Ninik juga menyoroti bahwa penyelesaian sengketa pers di platform penyiaran seharusnya menjadi kewenangan Dewan Pers, bukan Komisi Penyiaran Indonesia (KPI). “Sesuai UU Pers, itu menjadi kewenangan Dewan Pers. KPI tidak punya wewenang menyelesaikan sengketa pers,” tegasnya.
Penolakan terhadap RUU Penyiaran tidak hanya datang dari Dewan Pers. Asosiasi Media Siber Indonesia (AMSI) juga menyuarakan penolakannya. Ketua Umum AMSI, Wahyu Dyatmika, menyatakan kesiapannya untuk menentang RUU ini. “Jika tetap ngotot untuk memberlakukan RUU itu, maka Senayan akan berhadapan dengan masyarakat pers,” ujar Wahyu.
Anggota Dewan Pers, Yadi Hendriana, menilai ada upaya sistematis dari pemerintah dan legislatif untuk melemahkan kemerdekaan pers melalui berbagai regulasi, termasuk RUU Penyiaran.
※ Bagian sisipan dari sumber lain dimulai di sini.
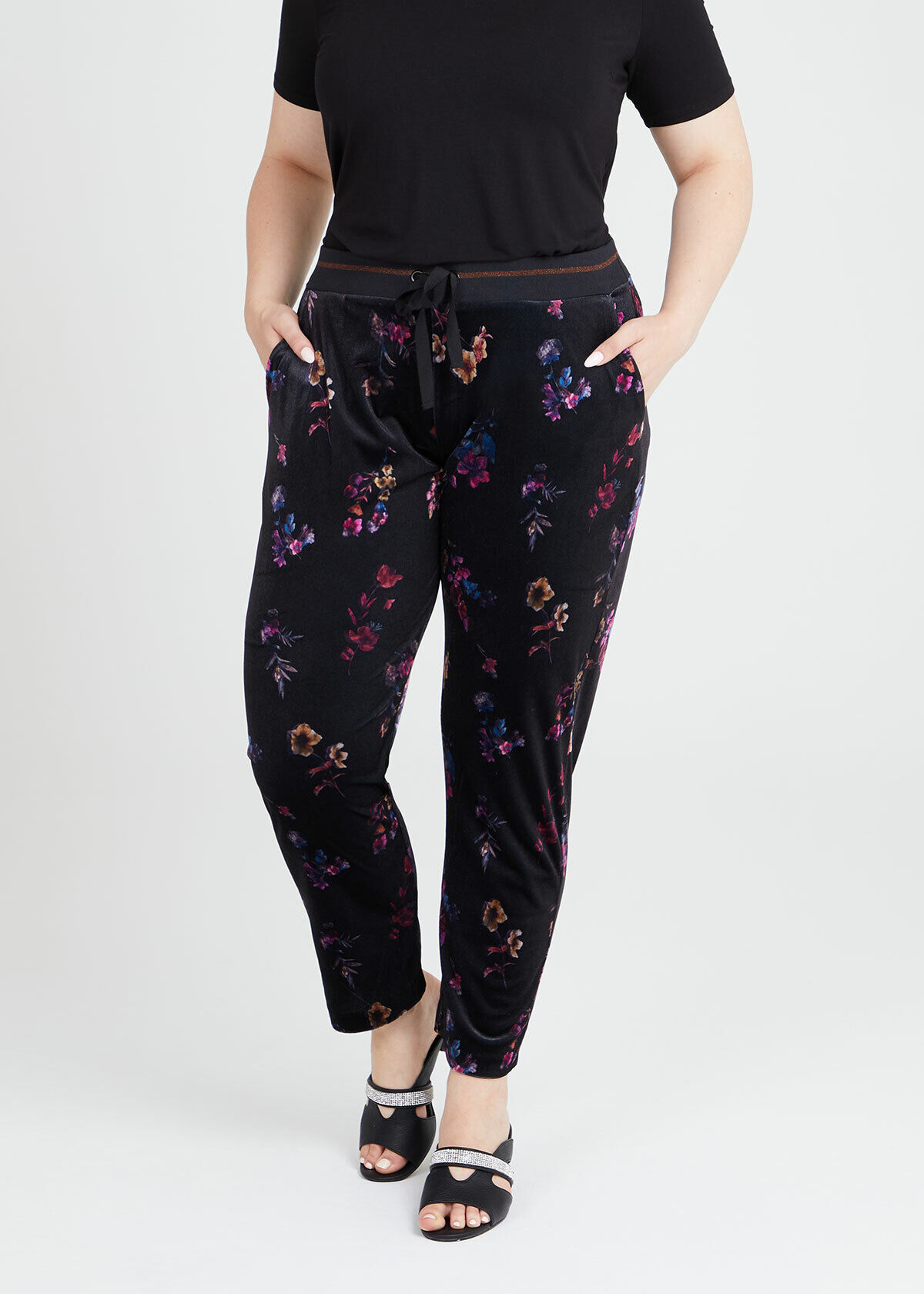 Velvet Jogger Pants (Plus Size - Black) – In Pursuit Mobile Boutique ||  Apparel, Accessories & Gifts Saint John, New Brunswick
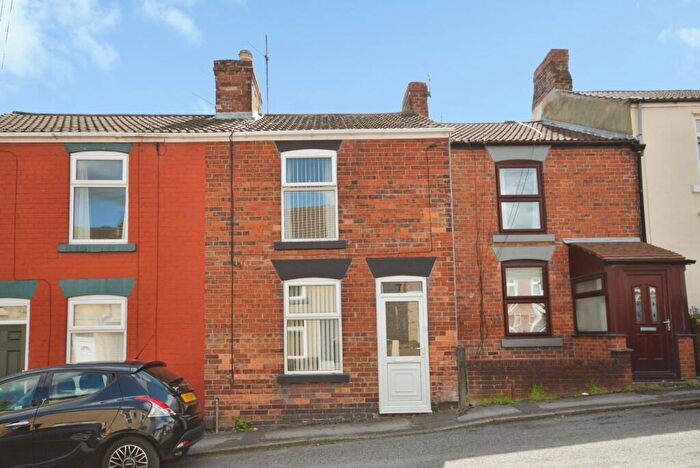 2 Bedroom Terraced House For Sale In Sanforth Street, Chesterfield, Derbyshire, S41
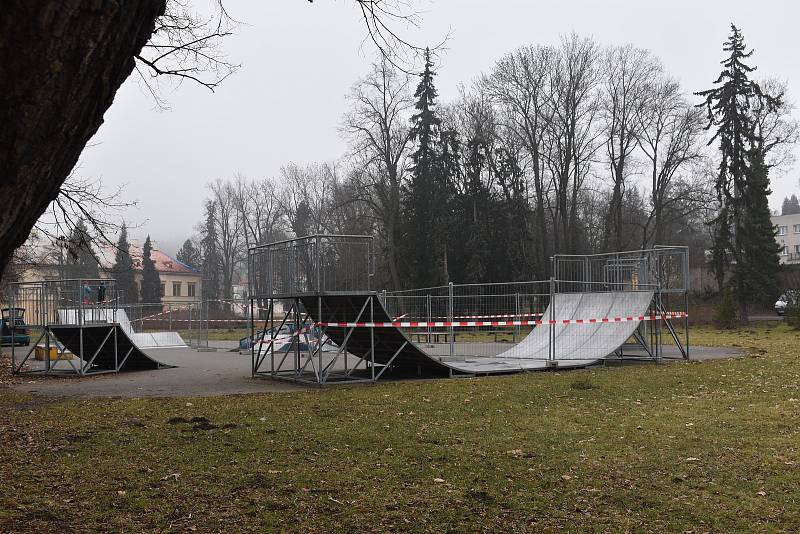 Uzavřen je i skatepark v Chocni.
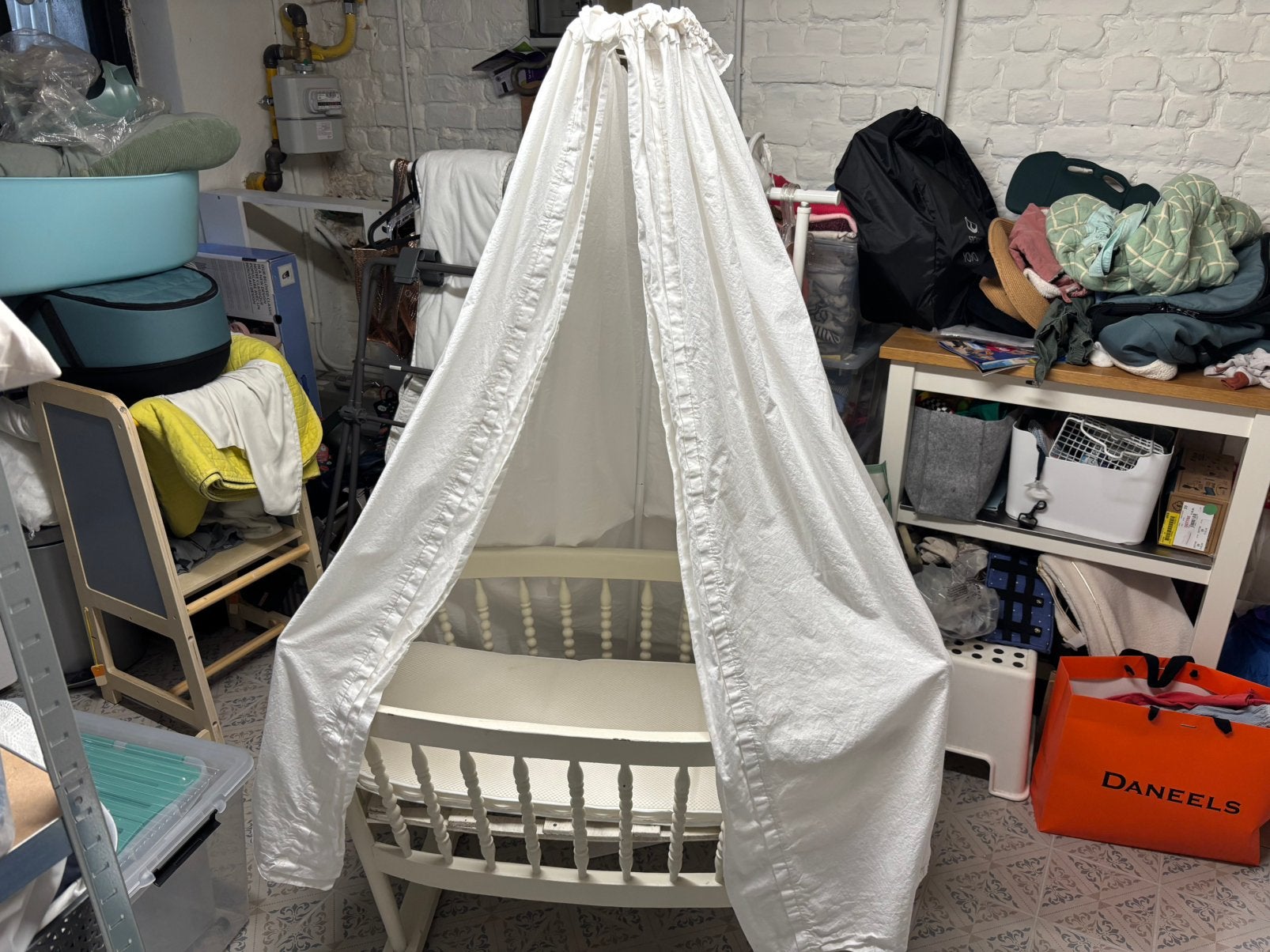 Berceau avec matelas et ciel de lit, Enfants & Bébés, Enlèvement, Comme neuf, Lit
Yadi menyebut bahwa ini adalah upaya kelima menggembosi kemerdekaan pers, setelah sebelumnya melalui UU Pemilu, peraturan Komisi Pemilihan Umum, pasal dalam UU Cipta Kerja, dan KUHP.
Persatuan Wartawan Indonesia (PWI) melalui Kamsul Hasan juga menolak RUU Penyiaran karena dianggap bertentangan dengan UU Pers. PWI meminta agar draf RUU Penyiaran yang bertentangan dengan UU Pers dihapus atau direvisi.
Ketua Umum Ikatan Jurnalis Televisi Indonesia (IJTI), Herik Kurniawan, juga meminta agar draf RUU dicabut dan disusun ulang dengan melibatkan semua pihak yang berkepentingan, karena akan merugikan publik secara luas.
Aliansi Jurnalis Independen (AJI), melalui ketua umumnya Nani Afrida, berpendapat bahwa jurnalisme investigatif merupakan puncak dari karya jurnalistik dan melarangnya akan merendahkan kualitas jurnalistik di Indonesia.
Selain itu, penolakan juga disampaikan oleh Asosiasi Televisi Lokal Indonesia (ATVLI), Persatuan Radio Siaran Swasta Nasional Indonesia (PRSSNI), Asosiasi Televisi Swasta Indonesia (ATVSI), dan semua konstituen Dewan Pers.
Dengan penolakan yang luas dari berbagai organisasi pers dan media, jelas bahwa RUU Penyiaran dianggap sebagai ancaman serius terhadap kemerdekaan pers di Indonesia. Insan pers mengharapkan adanya revisi atau pembatalan RUU ini untuk memastikan kebebasan dan profesionalisme pers tetap terjaga.